- Born: 1918
- Died: 1985 (aged 66–67) Eastbourne, East Sussex
- Education: Clare College
- Occupation: Businessman
- Known for: Executive for Tate & Lyle
- Spouse: Jill
- Parents: Oliver Lyle (father); Lilian Isabel (mother);
- Allegiance: United Kingdom
- Branch: Royal Air Force
- Rank: Second lieutenant
- Unit: No. 234 Squadron RAF
- Conflicts: World War II

= John O. Lyle =

British businessman

John O. Lyle (1918–1985) was a British businessman who was executive chairman of the British sugar group Tate & Lyle from 1964 to 1978.

== Early life and education ==
The son of Oliver Lyle and Lilian Isabel (née Spicer), John Lyle attended Uppingham School and Clare College, Cambridge. During World War II, he trained as a fighter pilot and was promoted as Second Lieutenant in June 1940, joining No. 234 Squadron RAF, which re-equipped with Spitfires the same year.

== Career ==
Lyle joined the family sugar firm in 1945, working initially at the firm's Plaistow refinery in east London before moving to the Tate & Lyle head office in 1949, and joining the firm's board in 1951. He became executive chairman of Tate & Lyle in 1964, and that year oversaw Tate & Lyle's acquisition of United Molasses for £30M, even though he was then new to the company, and comparatively young. He was involved with new developments in the US and Canada, as well as the traditional interests of the company on the Clyde and the Thames. The deal he worked out gave Tate & Lyle the largest shipping fleet in the world.

UK sugar shortages saw Lyle become active in politics and the media opposing Common Market Organization for Sugar policies favouring beet sugar over the British cane sugar. The then Government, preferring the EEC approach, subsidised Tate & Lyle with an £8M annual subsidy in compensation for pursuing its European policies. In November 1974, Lyle warned there could be no sugar for the British home market during a workers' blockade of the Tate & Lyle Silvertown refinery, which halted supplies across southern England. Workers were not allowing sugar to reach shops, protesting against Common Market regulations which could lead to thousands of British job losses. Lyle told The Times, "We can no longer keep silent while the company and its customers are threatened by the policies and procedures of the EEC system."
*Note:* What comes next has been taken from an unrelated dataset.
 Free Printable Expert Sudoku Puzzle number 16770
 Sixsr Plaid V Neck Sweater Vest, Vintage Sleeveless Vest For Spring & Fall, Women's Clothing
Also during the 1970s, Lyle was forced to defend Tate & Lyle's short-lived activities in apartheid-era South Africa. Under his chairmanship, Tate & Lyle had acquired a sugar business, Illovo, in early 1969. On 12 March 1973, a Guardian report by Adam Raphael, "British firms pay Africans starvation rate", listed nine companies including Tate & Lyle whose subsidiaries paid low wages. As company chairman, Lyle defended the company's position in a letter to The Times on 15 March 1973. Four years later, a 1977 ATV series by Antony Thomas, The South Africa Experience, highlighted malpractices by British firms including Tate & Lyle. The company attempted to block broadcast of the series' third film, titled "Working for Britain", and Lyle used an advertisement in the Daily Express to claim the film "contain[ed] grossly distorted statements which combine to give a totally unrepresentative picture". In 1977, Tate & Lyle sold its 49.25% shareholding in Illovo Sugar Estates to C G Smith (Sugars) of Natal; Lyle told shareholders: "The decision to terminate our association with raw sugar production in South Africa was taken with reluctance." He also said the company had been reducing its shipping fleet "to those ships necessary for servicing the Group's activities".

Lyle stepped down as executive chairman in 1978, when Lord Jellicoe took his place. Lyle then became president of the company until his retirement in 1983.

During the Thatcher years, Lyle supported Government policy, and was active and influential in politics. In 1984, he met with the Prime Minister in 1984 in connection with Aims of Industry in 1984.

Lyle was a member of the Institute of Directors, a keen cricketer and a supporter of Kent County Cricket Club. Married to his wife Jill, he lived in Rotherfield in East Sussex. He died in Eastbourne, East Sussex.